Based on Ola Hallengren's Industry-Standard Scripts: Trusted by enterprises worldwide, battle-tested in production

Scheduled Automation:

Time Job Purpose
01:00 AM (Saturday) Index Optimization Defragmentation and rebuild
02:00 AM (Daily) Full Backup Complete database backup
03:00 AM (Sunday) Integrity Check CHECKDB corruption detection
04:00 AM (Saturday) Statistics Update Query optimizer stats refresh
06:00 AM & 06:00 PM Differential Backup Changes since last full backup
Every 30 minutes Transaction Log Backup Point-in-time recovery capability

Key Features:

  • Zero external dependencies (SQL Agent only)
  • Automated backup verification with checksums
  • 7-day retention policy (configurable)
  • Comprehensive logging to CommandLog table
  • Email notifications on failures
  • Parallel execution for multiple databases
  • Online operations support (Enterprise Edition)
  • Azure/AWS/network share compatibility

Data Protection:

  • RPO (Recovery Point Objective): 30 minutes (with log backups)
  • RTO (Recovery Time Objective): Depends on backup size
  • Backup compression: 50-60% space savings
  • Integrity validation: Weekly fast + monthly comprehensive checks

Quick Start

Prerequisites

  • SQL Server: 2012+ (2016+ recommended for Query Store)
  • SQL Server Agent: Running and enabled (for maintenance)
  • Docker: 20.10+ with Docker Compose 2.0+ (for monitoring)
  • Permissions: VIEW SERVER STATE, sysadmin for maintenance
  • Tools: SSMS (SQL Server Management Studio), Microsoft Excel

Installation Steps

1. Set Up Monitoring (15 minutes)

cd monitor/
# Configure .env file with credentials

docker-compose up -d
# Access Grafana at http://localhost:3000

2. Deploy Performance Toolkit (10 minutes)

cd performance/
# Open performance_tuning_workbook.xlsx
# Enable Query Store on target databases
# Run initial analysis scripts in SSMS

3. Install Maintenance Solution (20 minutes)

cd maintenance/
# Download Ola Hallengren scripts from https://ola.hallengren.com/
# Execute MaintenanceSolution.sql in SSMS
# Create backup directory: mkdir C:\Backup
# Execute sql_agent_schedule_playbook.sql
# Verify 7 SQL Agent jobs are created

Integration and Workflow

End-to-End Monitoring and Optimization Cycle

Phase 1: Establish Baseline (Initial Setup)

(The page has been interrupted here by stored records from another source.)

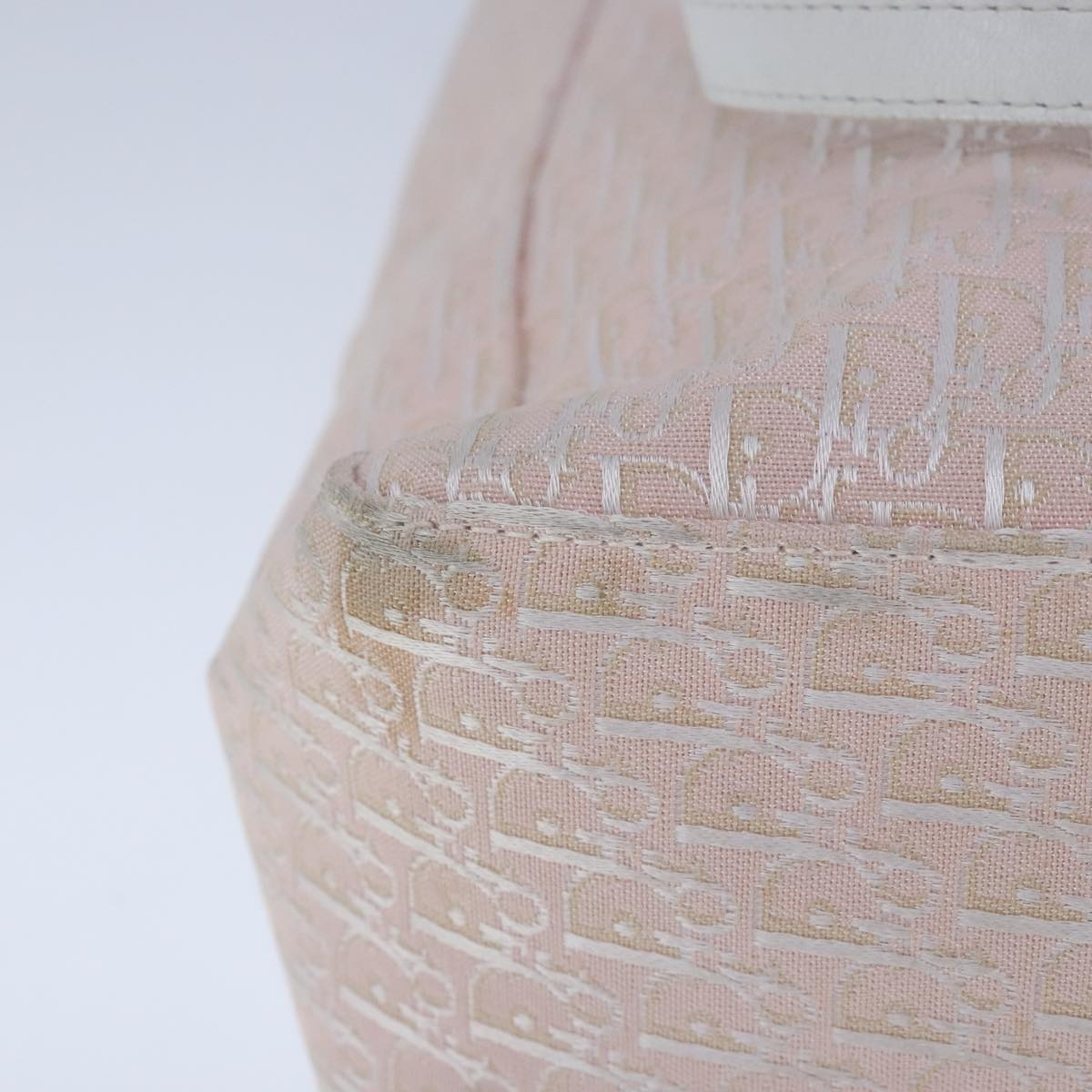 DIOR Trotter Canvas Tote Bag Pink Silver - 12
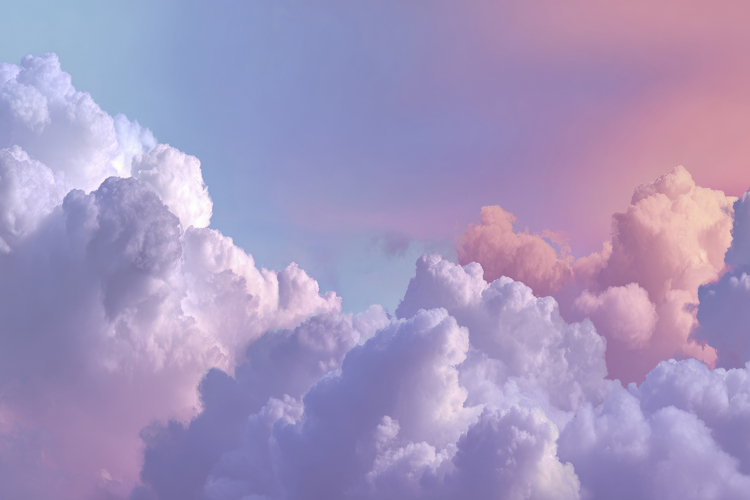 Pastel Sky With Clouds background
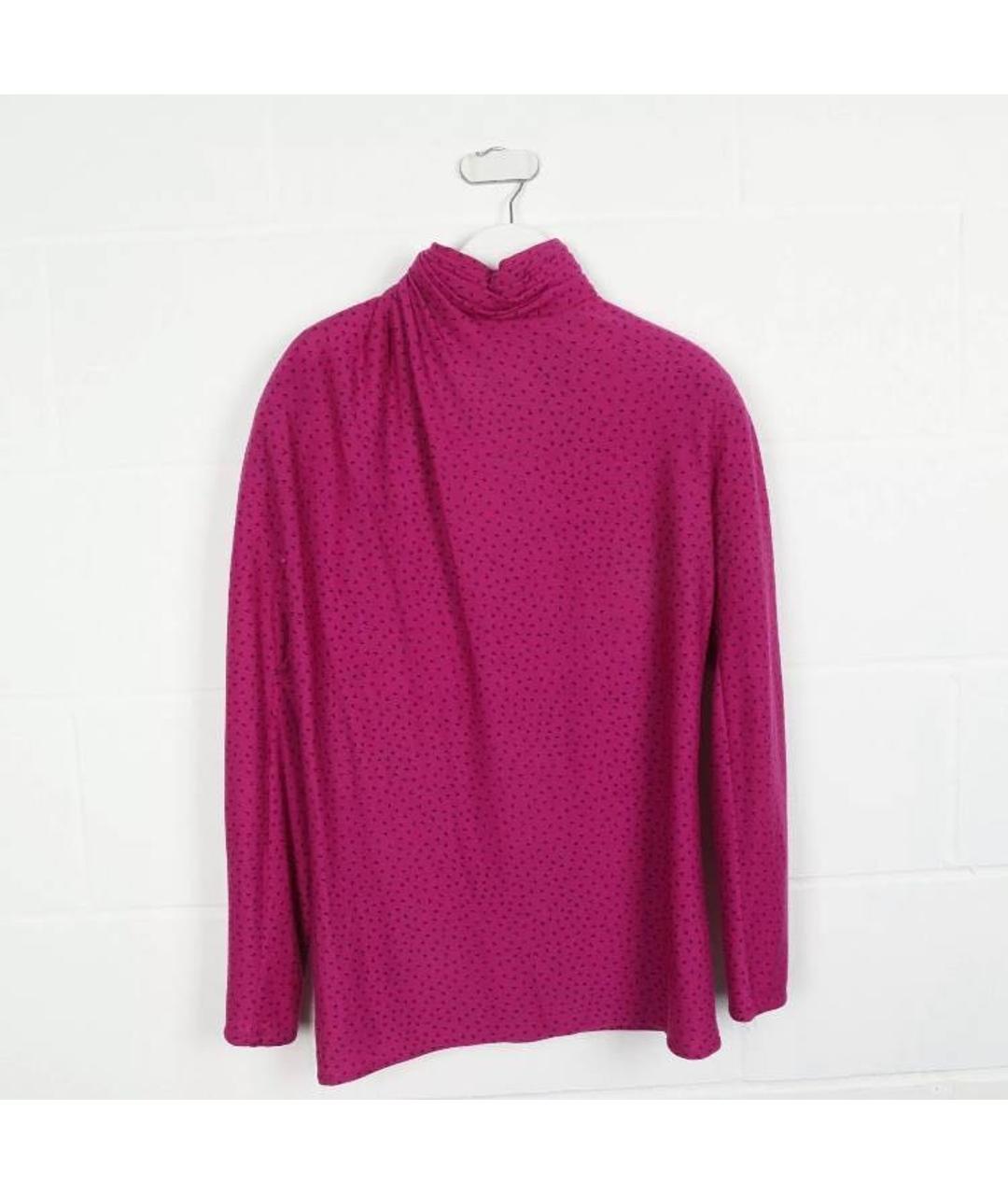 VERSACE Розовый шерстяной джемпер / свитер, фото 7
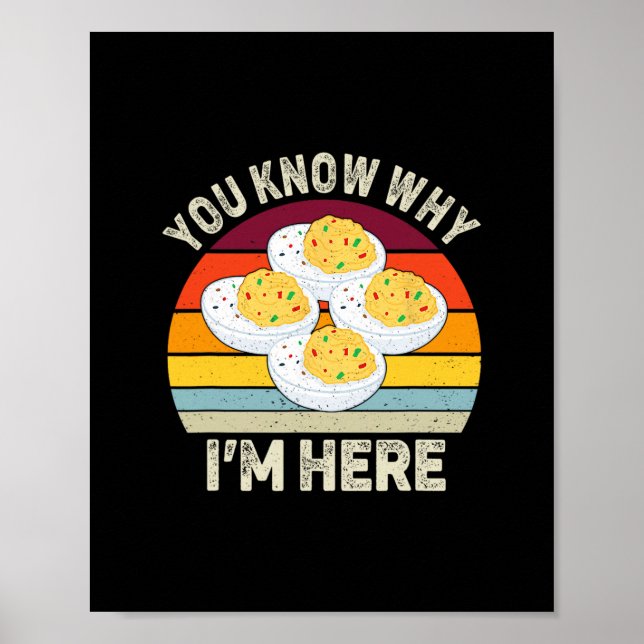 Funny Thanksgiving Deviled Eggs You Know Why I'm H Poster (Front)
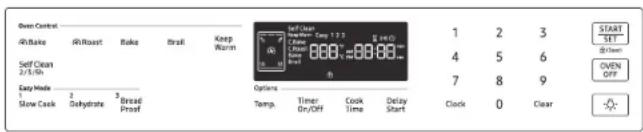 SAMSUNG NX58M6650WS - Panel de control - 2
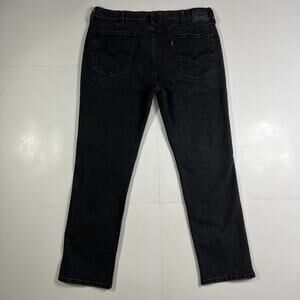 Levis 514 Jeans Mens 38x32 Black Straight Leg Stretch 5 Pocket Straight Fit
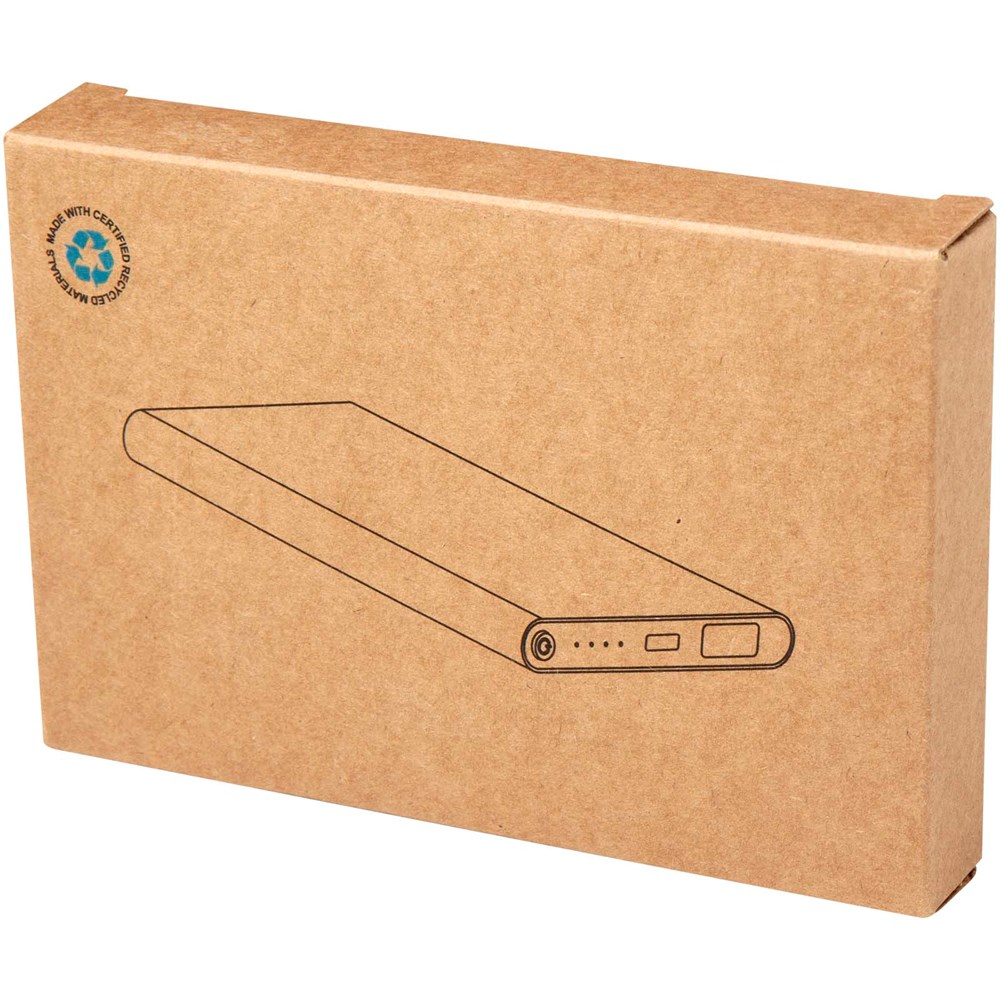 Pep 4000 mAh Type-C Powerbank aus recyceltem Aluminium schwarz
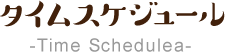 タイムスケジュール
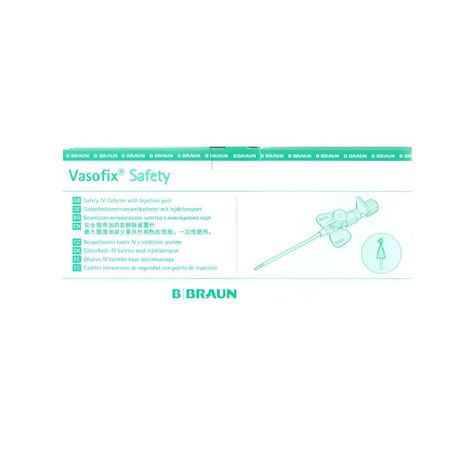 Bbraun Vasofix Safety Cannula 22G Box of 50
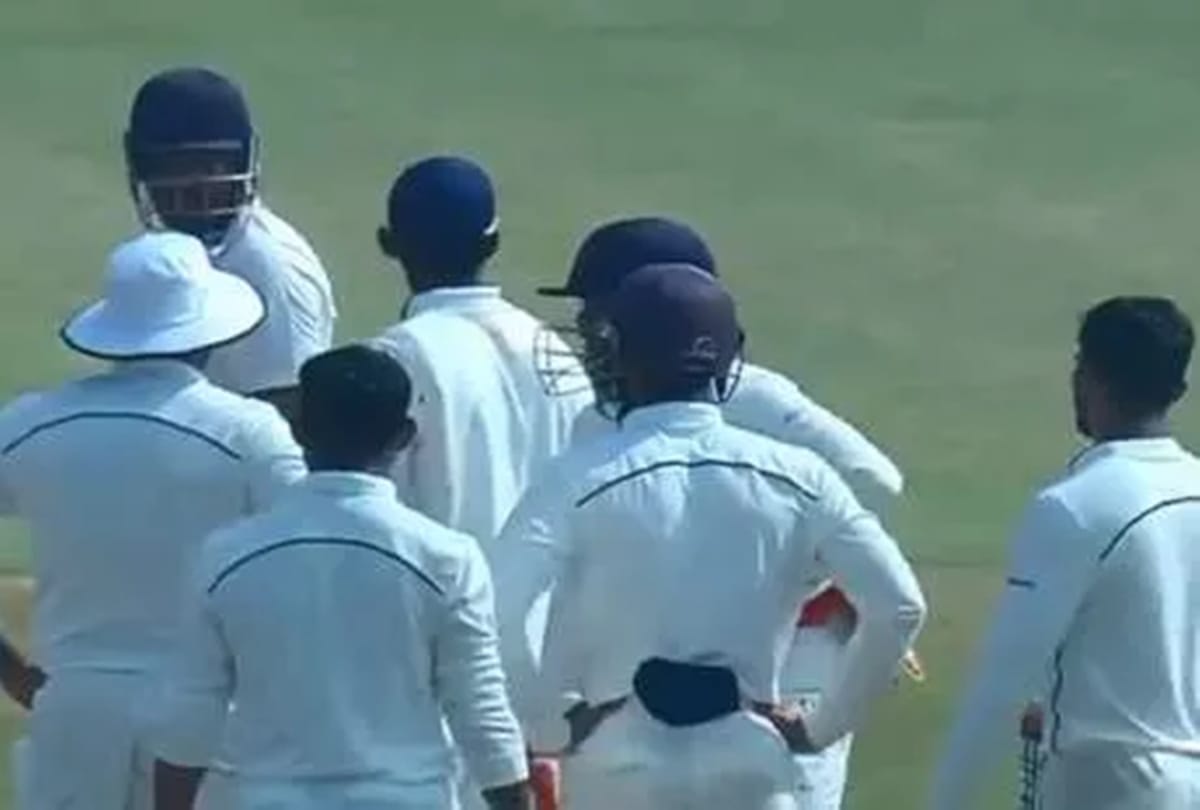 Yusuf pathan and Ajinkya Rahane got involved in cold war during Ranji Trophy match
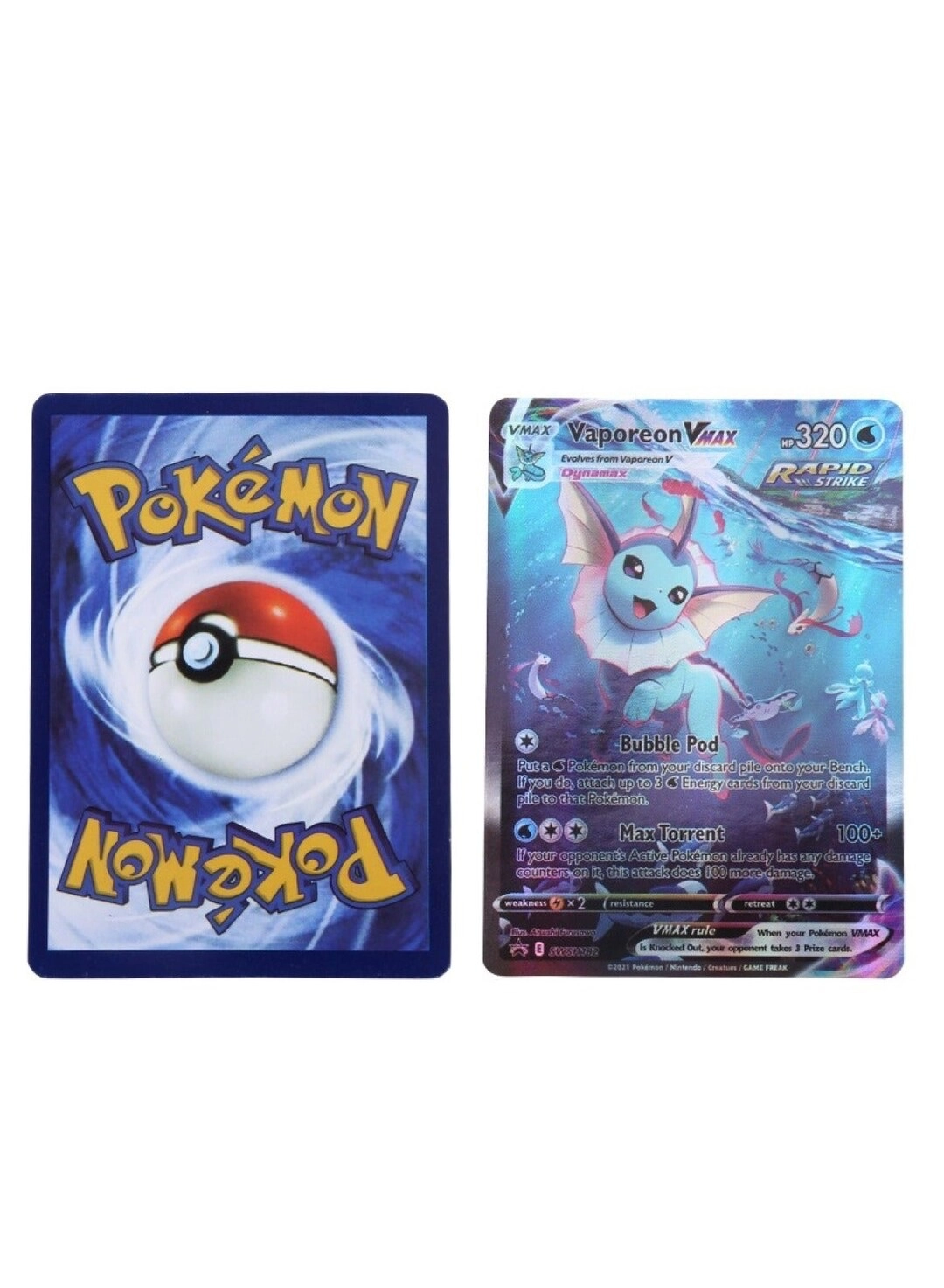 Huitich Pokémon Vaporeon VMAX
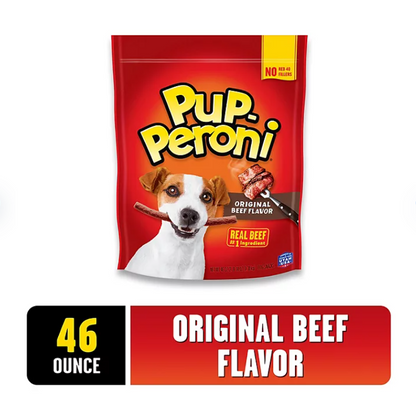 Pup-Peroni Dog Snacks, Original Beef Flavor (46 oz.)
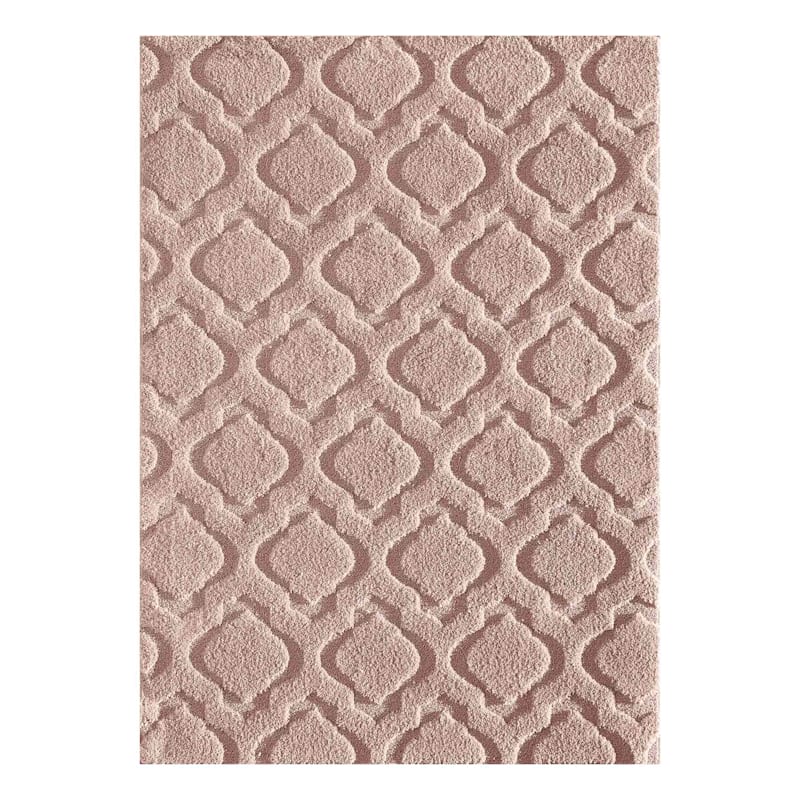 D438 Jardel Blush Tufted Area Rug With, Rugs Charleston Sc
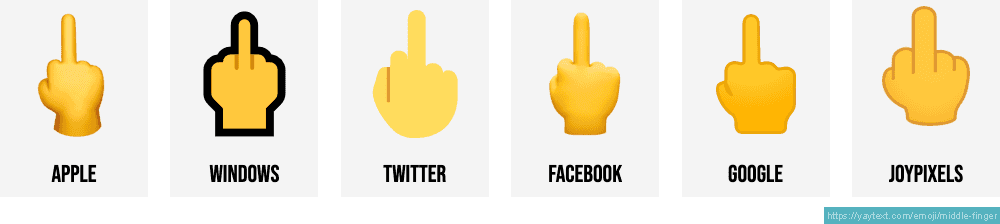 emoticons facebook middle finger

  1. Deploy Monitor stack and verify dashboards show metrics
  2. Open Performance workbook and capture baseline metrics
  3. Deploy Maintenance jobs and verify first execution

Phase 2: Continuous Operations (Ongoing)

  1. Monitor dashboards display real-time health (check daily)
  2. Maintenance jobs run automatically per schedule (verify weekly)
  3. Performance scripts run on-demand when investigating issues

Phase 3: Performance Tuning (When Issues Arise)

  1. Monitor detects anomaly or alert fires
  2. Use Performance methodology (Steps 0-9) to diagnose
  3. Implement fixes (indexes, configuration, query tuning)
  4. Maintenance automates ongoing optimization
  5. Monitor validates improvements via baseline comparison

Phase 4: Reporting and Trending (Monthly/Quarterly)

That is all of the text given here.